# AIM OF THE TASK
Return the records exactly as they stand, and keep the pictures out of the copy.
BEGIN TASK DATA
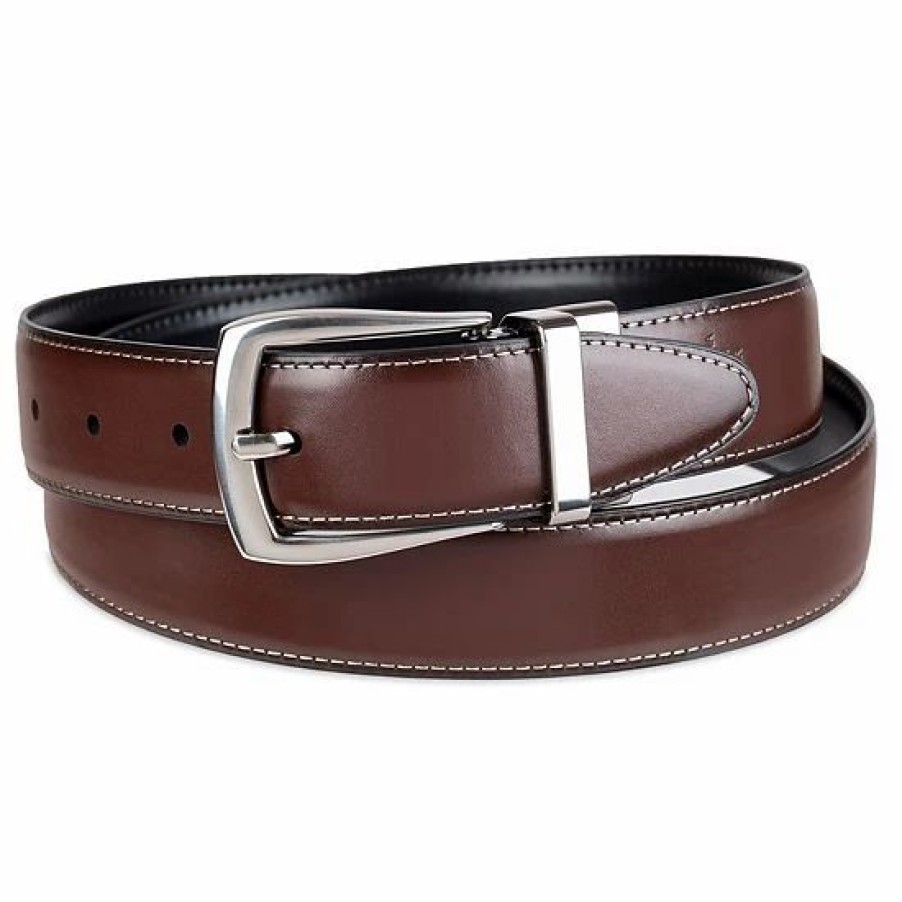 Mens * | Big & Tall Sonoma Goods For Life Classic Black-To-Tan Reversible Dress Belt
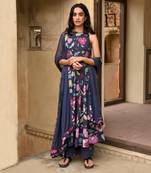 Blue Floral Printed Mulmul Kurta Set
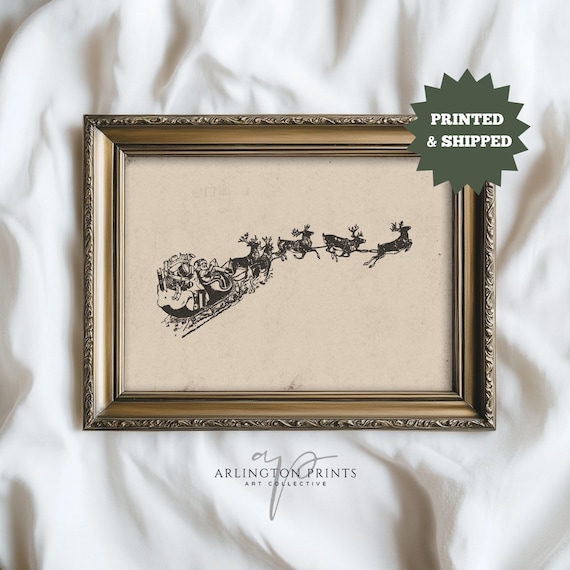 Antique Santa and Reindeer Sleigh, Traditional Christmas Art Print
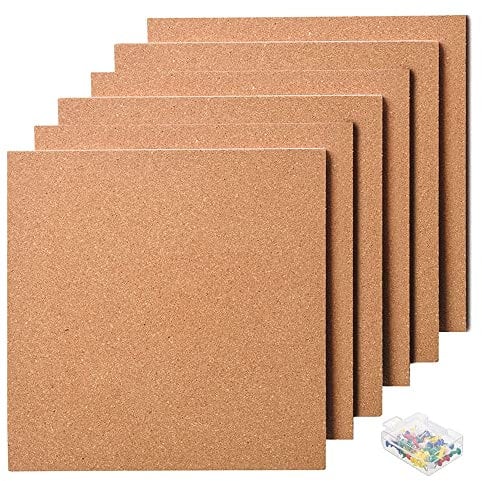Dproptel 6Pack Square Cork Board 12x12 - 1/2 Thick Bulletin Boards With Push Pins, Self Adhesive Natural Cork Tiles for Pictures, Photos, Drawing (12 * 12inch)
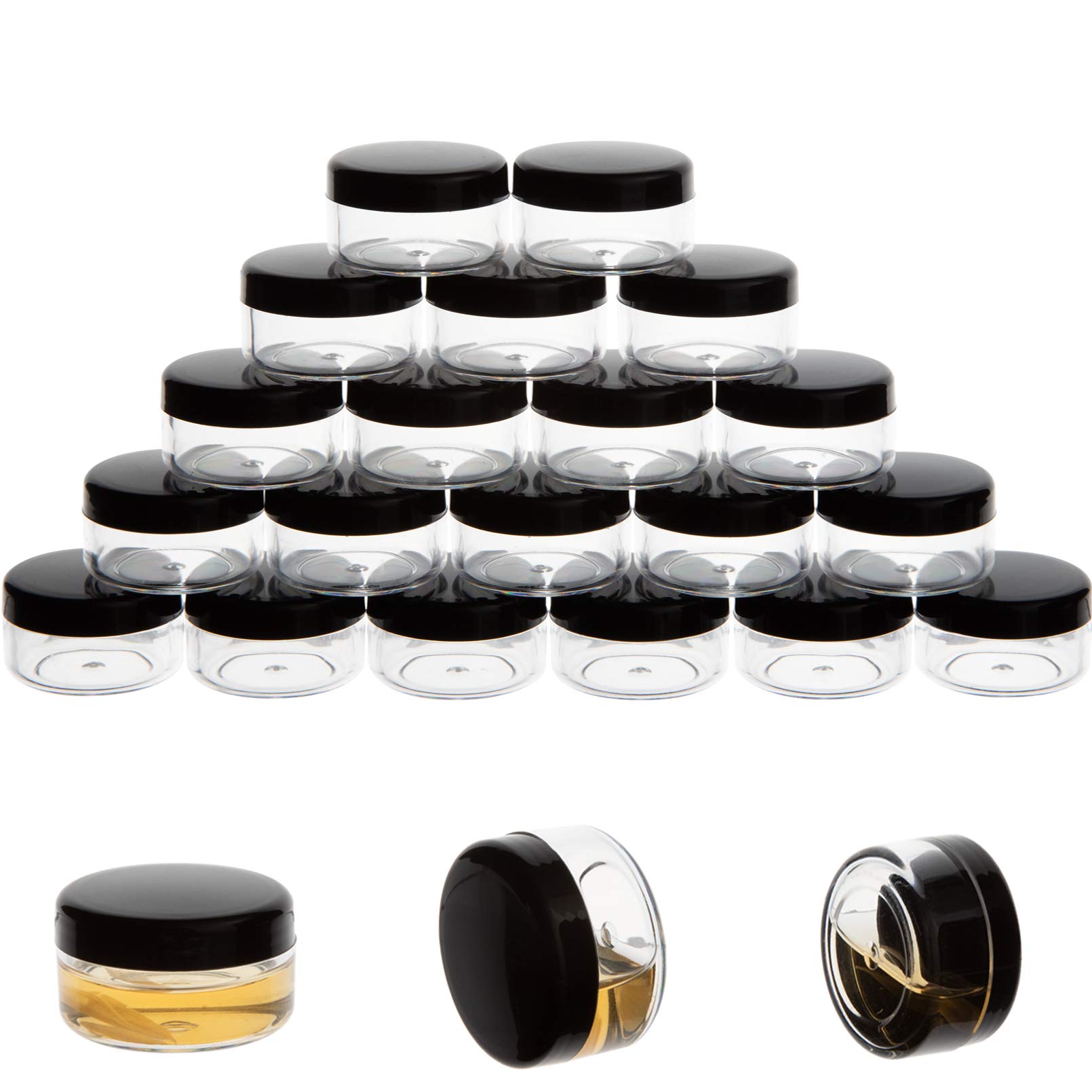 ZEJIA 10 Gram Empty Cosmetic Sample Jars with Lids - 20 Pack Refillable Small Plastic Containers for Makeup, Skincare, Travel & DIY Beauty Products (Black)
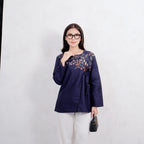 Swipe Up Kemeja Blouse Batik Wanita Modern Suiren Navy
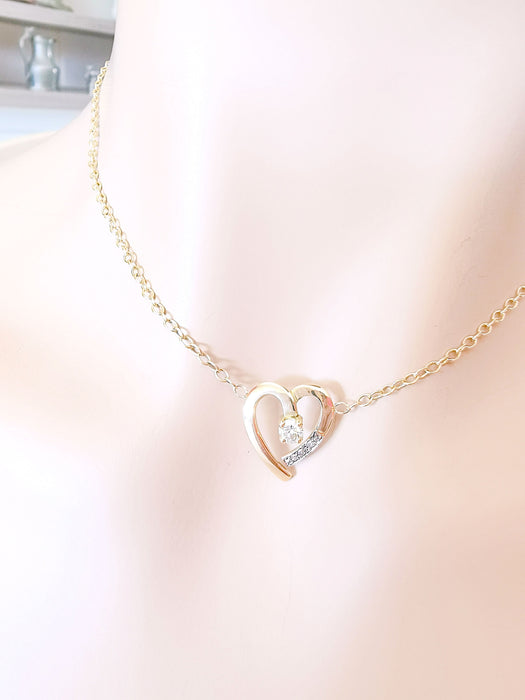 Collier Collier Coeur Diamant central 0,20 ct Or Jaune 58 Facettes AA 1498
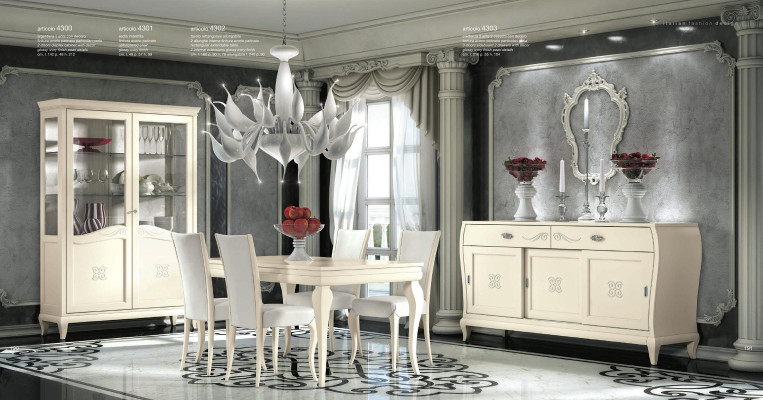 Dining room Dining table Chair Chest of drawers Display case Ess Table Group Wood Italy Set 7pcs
END TASK DATA
# TASK RESULT
 Mens * | Big & Tall Sonoma Goods For Life Classic Black-To-Tan Reversible Dress Belt
 Blue Floral Printed Mulmul Kurta Set
 Antique Santa and Reindeer Sleigh, Traditional Christmas Art Print
Dproptel 6Pack Square Cork Board 12x12 - 1/2 Thick Bulletin Boards With Push Pins, Self Adhesive Natural Cork Tiles for Pictures, Photos, Drawing (12 * 12inch)
 ZEJIA 10 Gram Empty Cosmetic Sample Jars with Lids - 20 Pack Refillable Small Plastic Containers for Makeup, Skincare, Travel & DIY Beauty Products (Black)
 Swipe Up Kemeja Blouse Batik Wanita Modern Suiren Navy
 Collier Collier Coeur Diamant central 0,20 ct Or Jaune 58 Facettes AA 1498
 Dining room Dining table Chair Chest of drawers Display case Ess Table Group Wood Italy Set 7pcs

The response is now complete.